(Short web captions)
⁂
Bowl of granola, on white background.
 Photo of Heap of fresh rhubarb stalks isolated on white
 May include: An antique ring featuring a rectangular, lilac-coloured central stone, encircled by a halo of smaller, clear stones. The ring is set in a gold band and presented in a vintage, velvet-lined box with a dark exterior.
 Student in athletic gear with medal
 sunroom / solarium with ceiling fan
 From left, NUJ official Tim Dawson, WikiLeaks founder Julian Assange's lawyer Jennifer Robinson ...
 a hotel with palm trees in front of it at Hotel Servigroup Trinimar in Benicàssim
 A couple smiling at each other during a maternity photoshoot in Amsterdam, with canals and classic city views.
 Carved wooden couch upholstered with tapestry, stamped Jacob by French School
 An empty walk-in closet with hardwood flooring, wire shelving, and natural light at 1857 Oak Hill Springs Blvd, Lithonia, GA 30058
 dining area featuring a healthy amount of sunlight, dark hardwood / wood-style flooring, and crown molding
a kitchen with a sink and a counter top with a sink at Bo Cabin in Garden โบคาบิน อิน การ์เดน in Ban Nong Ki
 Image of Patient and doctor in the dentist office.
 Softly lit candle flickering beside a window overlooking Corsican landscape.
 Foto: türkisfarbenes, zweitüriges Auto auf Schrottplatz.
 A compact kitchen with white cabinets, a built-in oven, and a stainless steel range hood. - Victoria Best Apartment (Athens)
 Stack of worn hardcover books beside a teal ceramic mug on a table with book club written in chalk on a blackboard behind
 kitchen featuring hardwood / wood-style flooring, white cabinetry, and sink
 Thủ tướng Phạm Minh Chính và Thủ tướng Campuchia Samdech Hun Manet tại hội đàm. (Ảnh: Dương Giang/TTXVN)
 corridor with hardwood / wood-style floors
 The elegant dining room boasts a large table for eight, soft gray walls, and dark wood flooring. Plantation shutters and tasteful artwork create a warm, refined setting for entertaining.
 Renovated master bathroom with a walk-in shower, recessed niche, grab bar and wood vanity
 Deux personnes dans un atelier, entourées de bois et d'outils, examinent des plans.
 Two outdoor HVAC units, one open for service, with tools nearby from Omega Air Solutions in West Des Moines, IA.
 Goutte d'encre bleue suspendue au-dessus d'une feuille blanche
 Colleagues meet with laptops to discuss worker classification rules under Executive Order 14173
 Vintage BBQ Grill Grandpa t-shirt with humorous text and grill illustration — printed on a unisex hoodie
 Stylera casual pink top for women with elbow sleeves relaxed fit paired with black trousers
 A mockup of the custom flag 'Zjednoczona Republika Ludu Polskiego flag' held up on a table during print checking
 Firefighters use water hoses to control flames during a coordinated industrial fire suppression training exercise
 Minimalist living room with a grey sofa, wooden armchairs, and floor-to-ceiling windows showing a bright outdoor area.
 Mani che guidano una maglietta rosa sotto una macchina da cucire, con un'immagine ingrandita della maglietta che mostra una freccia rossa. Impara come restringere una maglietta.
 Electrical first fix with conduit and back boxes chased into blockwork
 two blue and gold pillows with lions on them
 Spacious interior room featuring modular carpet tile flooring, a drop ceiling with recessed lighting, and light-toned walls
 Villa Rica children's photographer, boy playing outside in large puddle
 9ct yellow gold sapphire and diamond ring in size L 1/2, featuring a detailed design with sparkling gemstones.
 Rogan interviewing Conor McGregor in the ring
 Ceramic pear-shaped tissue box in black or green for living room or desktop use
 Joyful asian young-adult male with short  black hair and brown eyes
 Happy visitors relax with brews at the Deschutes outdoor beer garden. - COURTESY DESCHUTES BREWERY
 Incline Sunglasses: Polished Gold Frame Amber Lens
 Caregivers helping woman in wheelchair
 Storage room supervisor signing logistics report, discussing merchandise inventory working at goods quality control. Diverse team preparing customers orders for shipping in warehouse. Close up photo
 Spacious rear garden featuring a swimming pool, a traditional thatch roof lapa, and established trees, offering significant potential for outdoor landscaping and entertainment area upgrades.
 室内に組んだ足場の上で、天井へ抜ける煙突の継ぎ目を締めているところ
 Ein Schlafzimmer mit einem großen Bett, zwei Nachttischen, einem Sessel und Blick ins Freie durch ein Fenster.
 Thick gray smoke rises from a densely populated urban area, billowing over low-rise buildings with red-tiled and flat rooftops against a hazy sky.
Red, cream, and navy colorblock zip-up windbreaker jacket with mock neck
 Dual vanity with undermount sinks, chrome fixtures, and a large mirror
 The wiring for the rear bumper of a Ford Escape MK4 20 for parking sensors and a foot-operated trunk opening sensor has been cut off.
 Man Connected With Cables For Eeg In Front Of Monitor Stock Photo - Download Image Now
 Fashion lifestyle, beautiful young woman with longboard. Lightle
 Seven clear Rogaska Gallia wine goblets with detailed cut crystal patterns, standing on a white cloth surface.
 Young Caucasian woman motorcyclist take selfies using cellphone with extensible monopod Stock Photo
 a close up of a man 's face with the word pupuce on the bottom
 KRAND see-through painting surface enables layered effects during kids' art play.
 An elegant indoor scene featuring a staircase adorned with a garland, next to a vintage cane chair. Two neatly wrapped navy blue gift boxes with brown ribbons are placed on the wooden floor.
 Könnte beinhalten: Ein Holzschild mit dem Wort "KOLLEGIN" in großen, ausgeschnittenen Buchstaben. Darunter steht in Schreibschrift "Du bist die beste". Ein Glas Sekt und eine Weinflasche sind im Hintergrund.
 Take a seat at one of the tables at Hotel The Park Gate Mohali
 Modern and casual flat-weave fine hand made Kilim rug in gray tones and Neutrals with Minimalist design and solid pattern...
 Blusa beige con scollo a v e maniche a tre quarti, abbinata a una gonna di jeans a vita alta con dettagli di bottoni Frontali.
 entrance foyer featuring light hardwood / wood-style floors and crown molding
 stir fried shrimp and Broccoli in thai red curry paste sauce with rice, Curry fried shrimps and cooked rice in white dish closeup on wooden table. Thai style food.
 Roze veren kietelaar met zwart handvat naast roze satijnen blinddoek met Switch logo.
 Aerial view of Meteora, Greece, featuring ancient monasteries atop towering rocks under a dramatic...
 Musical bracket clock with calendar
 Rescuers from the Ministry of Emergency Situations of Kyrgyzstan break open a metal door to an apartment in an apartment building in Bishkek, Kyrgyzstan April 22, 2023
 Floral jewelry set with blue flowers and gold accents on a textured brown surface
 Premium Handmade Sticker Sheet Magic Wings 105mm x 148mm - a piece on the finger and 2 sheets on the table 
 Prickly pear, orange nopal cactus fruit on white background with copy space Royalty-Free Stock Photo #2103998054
⁂
# [Description of the task]
Could you return the lines in the entries above that contain "blue"?

# [Task result]
 two blue and gold pillows with lions on them
 An elegant indoor scene featuring a staircase adorned with a garland, next to a vintage cane chair. Two neatly wrapped navy blue gift boxes with brown ribbons are placed on the wooden floor.
 Floral jewelry set with blue flowers and gold accents on a textured brown surface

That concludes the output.